Task prompt - Please give back, exactly as written, the lines from the line with "White and red" to the line with "Close-up of a" in the listing below, leaving out all pictures.

Dataset -

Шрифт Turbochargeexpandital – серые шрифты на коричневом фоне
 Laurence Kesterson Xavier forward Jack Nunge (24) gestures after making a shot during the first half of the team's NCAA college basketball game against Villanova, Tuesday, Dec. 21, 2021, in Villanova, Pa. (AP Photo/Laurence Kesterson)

--

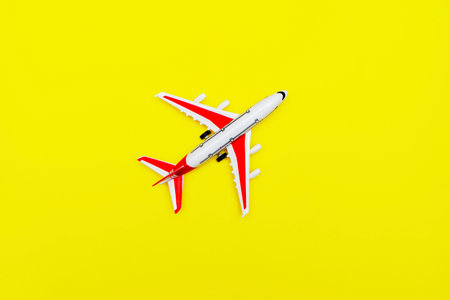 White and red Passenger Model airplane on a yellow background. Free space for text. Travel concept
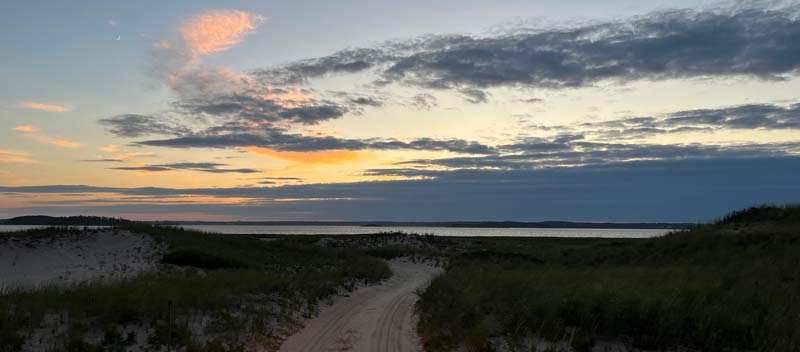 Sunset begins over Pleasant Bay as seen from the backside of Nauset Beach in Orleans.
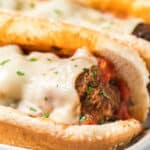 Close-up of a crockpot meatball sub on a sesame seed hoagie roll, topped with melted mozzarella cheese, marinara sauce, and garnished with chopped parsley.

* * *

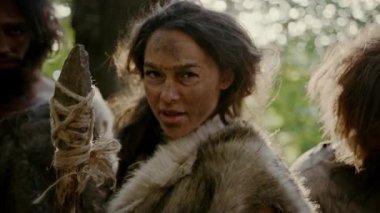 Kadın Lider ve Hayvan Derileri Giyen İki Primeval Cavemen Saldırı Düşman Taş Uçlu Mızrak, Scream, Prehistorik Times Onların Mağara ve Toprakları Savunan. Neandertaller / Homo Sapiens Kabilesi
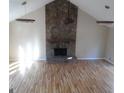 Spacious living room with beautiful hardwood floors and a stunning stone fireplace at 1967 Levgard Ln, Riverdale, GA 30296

Reply to the task -
 White and red Passenger Model airplane on a yellow background. Free space for text. Travel concept
 Sunset begins over Pleasant Bay as seen from the backside of Nauset Beach in Orleans.
 Close-up of a crockpot meatball sub on a sesame seed hoagie roll, topped with melted mozzarella cheese, marinara sauce, and garnished with chopped parsley.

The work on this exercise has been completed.